On July 31, 2018 the International Swaps and Derivatives Association published the ISDA 2018 US Resolution Stay Protocol (the US Protocol). The US Protocol is intended to enable parties to ISDA Master Agreements and similar Protocol Covered Agreements (PCAs) to contractually recognize the cross-border application of special resolution regimes applicable to global systemically important entities and their affiliates.
In this article, we provide a broad overview of the US Protocol and relevant resolution stay rules, then describe the effect and operation of the US Protocol.
Overview of the US Protocol
Final rules enacted by the Board of Governors of the Federal Reserve System (12 C.F.R. §§ 252.2, 252.81- 88) (the FRB Rule), the Federal Deposit Insurance Corporation (12 C.F.R. §§ 382.1-7) and the Office of the Comptroller of the Currency (12 C.F.R. § 47.1-8) (collectively, the US Resolution Stay Rules) require a “covered entity,” a “covered FSI” and a “covered bank,” as defined respectively in the relevant US Resolution Stay Rule (a Covered Party) that executes or becomes a party to a qualified financial contract (QFC) on or after the relevant compliance date to expressly include certain provisions in each QFC.

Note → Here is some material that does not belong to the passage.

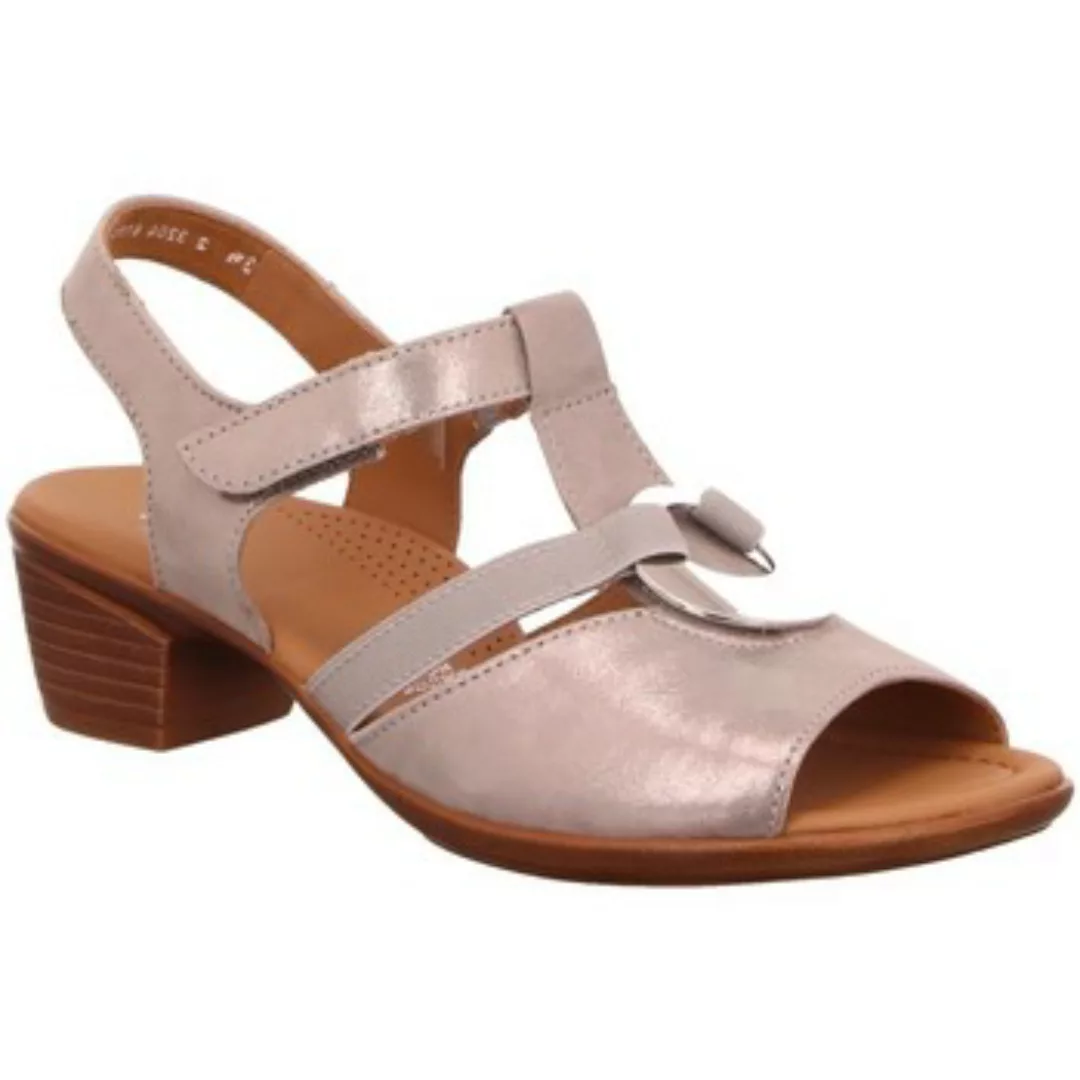 Ara  Sandalen Sandaletten LUGANO 12-35715-27 27 günstig online kaufen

A QFC includes, among other things, any swap agreement, commodity agreement or forward contract, and therefore generally includes any agreement for a transaction that ordinarily would be governed by an ISDA Master Agreement. Covered Parties generally consist of bank holding companies and foreign banking organizations that have been designated under Federal Reserve Board regulations as global systemically important and certain subsidiaries of these institutions, including state and national banks, and state and federal savings associations. While each of the US Resolution Stay Rules is substantially the same, the applicable rule will depend on the applicable regulator for the relevant Covered Party.
The US Protocol is separate from the ISDA Resolution Stay Jurisdictional Modular Protocol (JMP) published by ISDA on May 13, 2016. The JMP is intended to enable parties to PCAs to comply with certain legislative and regulatory requirements applicable to certain financial companies in different jurisdictions that address the exercise of early termination and related rights upon the resolution or insolvency of such financial companies.

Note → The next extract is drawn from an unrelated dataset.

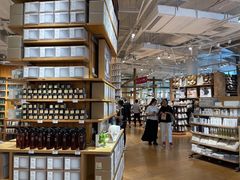 -MUJI无印良品(顺城店)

In general, under the laws of various jurisdictions, systemically important financial institutions that are parties to PCAs under any governing law are required to obtain counterparty consent to be subject to stays on or overrides of certain termination rights under these PCAs and enforcement of security interests under special resolution regimes applicable in the home countries of these financial institutions. ISDA has published separate modules to the JMP for the UK, Germany, Japan and Switzerland.
The US Protocol is also separate from the ISDA Bail-in Article 55 BRRD Protocol, which also contains contractual recognition of the application of certain non-US bank recovery and resolution regimes, some (but not all) of which also are covered by the US Protocol. Adherence to any module of the JMP or to the BRRD Protocol will remain effective without modification regardless of adherence to the US Protocol.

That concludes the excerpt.